A mais recente destas adaptações é o filme “Persuasão”, da Netflix. Que foi, diga-se, recebido com escândalo e revolta pelos amantes da obra de Austen, acusando o filme de ser uma espécie de versão Instagram do romance original. É verdade que a protagonista fala muitas vezes diretamente para a câmara, ao estilo de algumas (ótimas) comédias. É verdade que alguma da linguagem é demasiado moderna. É verdade que as personagens são quase todas caricaturas de si mesmas. É verdade que o presunto espanhol é muito melhor que o português. Tudo isso é verdade. Mas, como li numa das poucas críticas que defendiam esta versão, quem conhece a obra de Jane Austen e os seus artifícios, sabe que, se tivesse escrito os seus romances hoje, eles seriam mais parecidos com o que vemos no filme do que com o que escreveu no início do século XIX.
Talvez. Nunca saberemos.
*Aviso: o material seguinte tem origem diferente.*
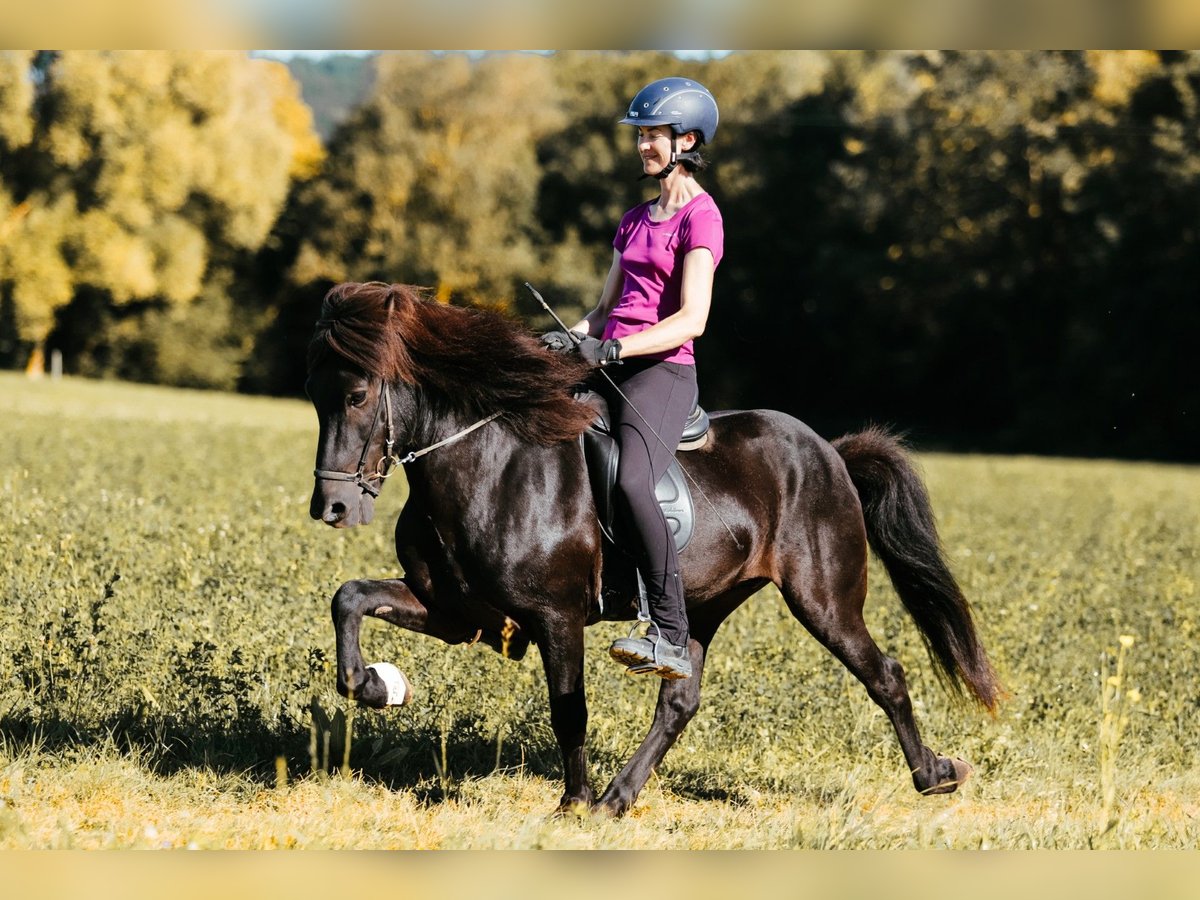 Icelandic Horse Stallion 10 years 14,1 hh Black in Taufkirchen an der Trattnach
Por isso é que é tão importante criopreservar escritores, para depois se tirarem estas dúvidas a limpo. Estou sempre a dizer isto. Agora descongelávamos a Jane Austen, passávamos-lhe um laptop para as mãos, mandávamo-la para as Seychelles e só podia sair de lá com um livro escrito sobre o equivalente atual a uma filha de um aristocrata. Que, hoje em dia, deve ser a Georgina Rodríguez. É triste, mas é verdade. Além disso, a escrita de Jane é muitas vezes irónica e cheia de graça. Não parece, mas é.
Em traços gerais, para quem nunca abriu um livro da Jane Austen — e sem querer desvendar muito — o filme, tal como o romance, conta a história da quase trintona Anne Elliot, a filha de um aristocrata, que, anos antes, tinha sido persuadida a dar com os pés ao homem que amava por ser um pé-rapado. Entretanto, ao fim desse tempo todo, ele volta, agora rico, e ela tem de se persuadir a si mesma ou a confessar-lhe que nunca o esqueceu ou a seguir com a sua vida. Isso é o início do filme/livro? Não. Isto é o filme/livro todo. Isto porque nos livros de Jane Austen, os amantes nunca têm a certeza se são correspondidos, e assim ficam até à última página. Como são ingleses, preferem morrer infelizes do que perguntar. Que seria!
O filme, contado assim, parece mais chato do que aquela parte do Jornal da Noite em que o Marques Mendes fica meia hora a falar. Mas não é tal. Pelo contrário. Eu sorri bastante, ri uma ou duas vezes, e chorei no fim. Agora, claro, não é um filme para se ver sóbrio. Com três ou quatro garrafas de vinho, a hora e meia passa a correr.
E é uma lição de vida. Sobre o amor e sobre o tanto que fugimos da felicidade com medo que ela nos escape, como escreveu Serge Gainsbourg. Esse bêbedo. É impossível não acabar de ver “Persuasão” — ou fechar um livro de Austen — e não ter vontade de ligar a todas as pessoas por quem já estivemos apaixonados e pedir uma segunda oportunidade. E convidá-las para irmos todos juntos para a cama. A grande lição, que a vida nos vai fazendo esquecer, é que só o amor redime, só o amor cura e só o amor salva. De tudo, menos das infeções sexualmente transmitidas et pour cause.
A menos, claro que se seja a filha de um aristocrata. Nesse caso, portem-se mas é como umas senhoras e deixem-se de merdas.